Deuxièmement, dans les pratiques de recherche et les pratiques théoriques, on fait communément abstraction (ou tout simplement on oublie) que le mode de production est une unité des rapports de production et des forces productives. Cette unité n'est pas problématisée, mais simplement assumée, que ce soit explicitement ou implicitement, comme allant de soi. En conséquence, divers modes d'exploitation, qui ne sont pas caractérisés par une telle unité, sont perçus comme des modes de production (antagonistes), tandis que, en même temps, l'existence de modes d'exploitation qui ne sont pas considérés comme des modes de production, ou qui n'en sont pas effectivement, est négligée, voire niée. Car le fait est que tous les modes de production (antagonistes) sont des modes d'exploitation, tandis que tous les modes d'exploitation ne sont pas des modes de production - seulement quelques-uns. Un mode d'exploitation donné n'est également un mode de production que lorsque les rapports d'exploitation et les forces productives correspondantes constituent une unité. C'est-à-dire lorsque les procès de travail, et avec eux les forces productives (la capacité productive du travail social), y compris les forces de travail des producteurs immédiats (leurs capacités de travail), sont formellement et réellement soumis aux rapports d'exploitation (157).

Les nouveaux rapports d'exploitation, en se soumettant formellement les procès de travail et les forces productives existants (c'est-à-dire hérités des modes de production qui les ont précédés), transforment en profondeur leur caractère social, en leur donnant une forme sociale spécifique (par exemple, lignagère, tributaire, capitaliste), mais ils ne les transforment pas substantiellement en termes matériels. À cet égard, ils les transforment principalement sur le plan quantitatif, et non qualitatif. Si la quantité de travail nécessaire reste constante, la soumission formelle ne permet d'obtenir davantage de surtravail qu'au prix d'un allongement de la journée de travail ou d'une intensification du travail, ne permettant donc qu'une exploitation absolue. Par contre, en se soumettant réellement les procès de travail et les forces productives existants, les rapports d'exploitation les transforment substantiellement aussi en termes matériels. Ils le font non seulement quantitativement, mais surtout qualitativement. Marx a même écrit que dans un tel cas, les rapports d'exploitation " révolutionnent » les procès de travail et les forces productives, et aussi en génèrent de nouveaux et se matérialisent dans les deux. Cela permet d'extorquer davantage de surtravail en augmentant la productivité du travail.
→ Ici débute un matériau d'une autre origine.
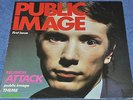 PUBLIC IMAGE LTD (PIL) 1st Album Orig UK 1978 EX++ LP with INNER.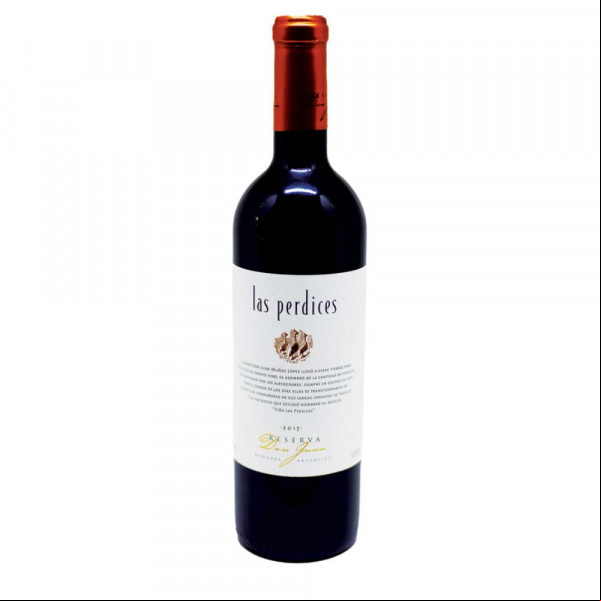 Las Perdices Don Juan Reserva 2017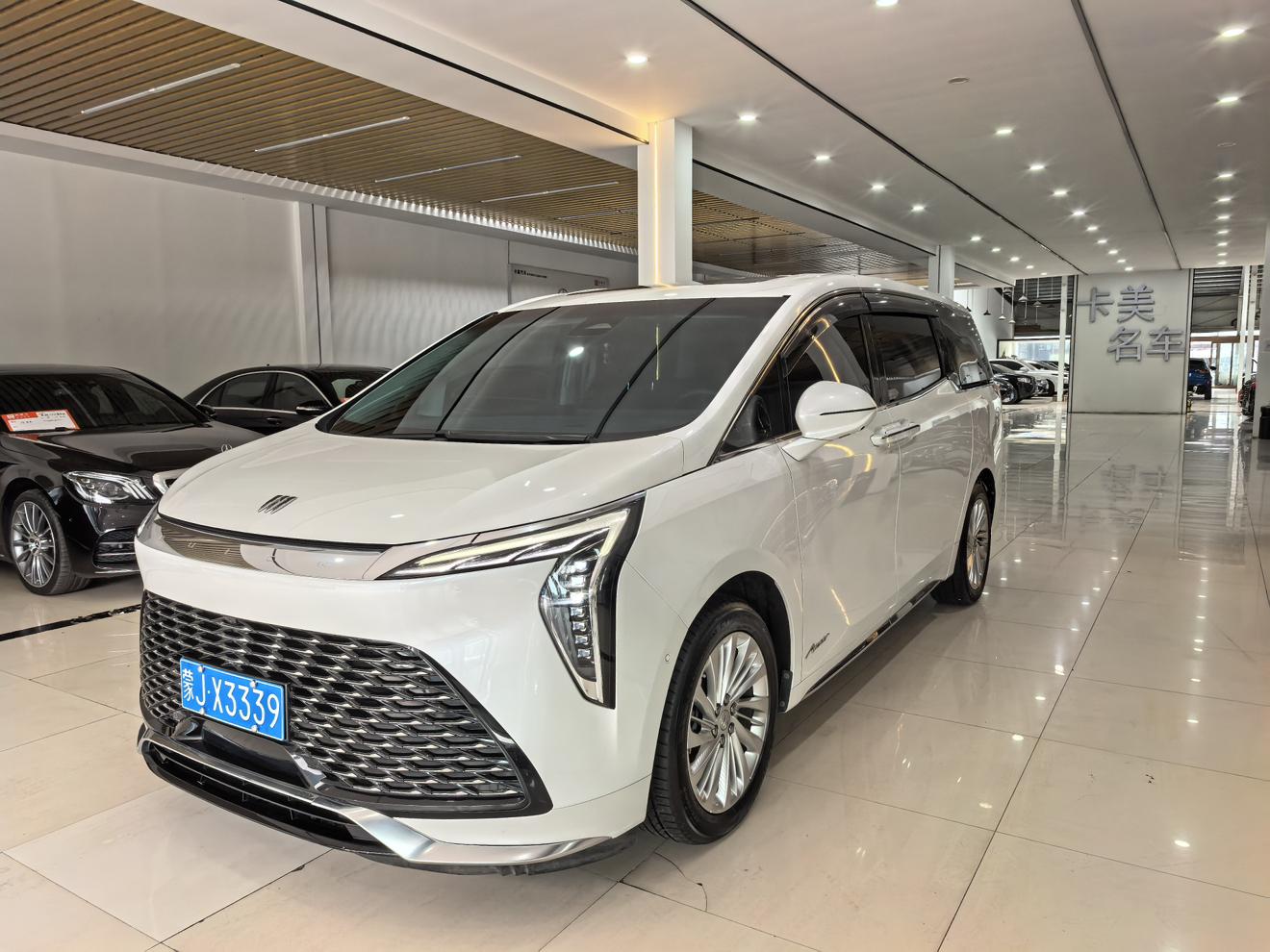 Buick Century 2023 2.0T liu seats yun shi ban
Celle-ci crée la possibilité de produire dans le même temps de travail un plus grand nombre de moyens de consommation indispensables à la reproduction de la force de travail. Pour les obtenir, le producteur immédiat travaille moins longtemps, c'est-à-dire que le temps de travail nécessaire à la reproduction de sa force de travail se réduit, et donc le temps de surtravail s'allonge et l'exploitation relative augmente. La soumission formelle et la soumission réelle sont inséparables ; il n'y a pas l'une sans l'autre. Elles existent toujours ensemble, avec la prédominance de l'une ou de l'autre (158).

En s'interrogeant sur la mesure dans laquelle le féodalisme européen a développé les forces productives, Wickham a attiré l'attention sur un fait historique d'une importance capitale : la " diffusion de l'irrigation dans le sud de l'Europe, en particulier dans les terres qui étaient sous domination arabe - le sud de l'Espagne du VIIIe au XIIIe siècle et la Sicile du IXe au XIe siècle ». Il écrit : " Cela a dû être l'avancée productive la plus spectaculaire de toute l'histoire agraire du Moyen ge [européen], puisque les terres irriguées avaient un rendement au moins deux fois supérieur à celui des terres non irriguées et n'avaient pas besoin d'être laissées périodiquement en jachère ; elles pouvaient également porter de nouvelles cultures importées d'Orient, comme la canne à sucre et les agrumes ; l'irrigation a également eu un impact direct sur le procès de travail, puisque des villages entiers devaient travailler ensemble pour établir et entretenir les systèmes d'irrigation. Je voudrais prouver que cela se passait dans le contexte de l'établissement d'un système de collecte d'impôts ». Il semble - écrit encore Wickham, en précisant que cela ne peut être confirmé par manque de sources - que " le nouveau système d'imposition exigeait la production d'un surplus supplémentaire » - " d'où l'intensification de la production par l'irrigation » (159).

On sait depuis le milieu des années 1970 qu'en Espagne islamique (en Al-Andalus), comme en Sicile islamique, une véritable révolution agricole (160) dans le développement des forces productives a eu lieu. Elle a entraîné une augmentation multiple de la productivité agricole et donc une augmentation multiple du surproduit relatif approprié. Il existe un lien étroit entre cette révolution, qui a fortement développé et transformé les forces productives, et le fait que le surtravail des paysans n'a pas été extorqué sous forme de rente par les seigneurs féodaux, mais sous forme d'impôt par le pouvoir d'État (la bureaucratie). Certains historiens, archéologues et anthropologues considèrent donc à juste titre que le mode de production tributaire était fondamentalement différent du féodalisme (161). Il différait non seulement par son mode d'exploitation, mais aussi par le fait que le rapport d'exploitation qui lui était propre était capable de se soumettre les forces productives - de les développer, de les transformer, de les " révolutionner ». C'est pourquoi on peut parler et on parle d'une révolution agricole.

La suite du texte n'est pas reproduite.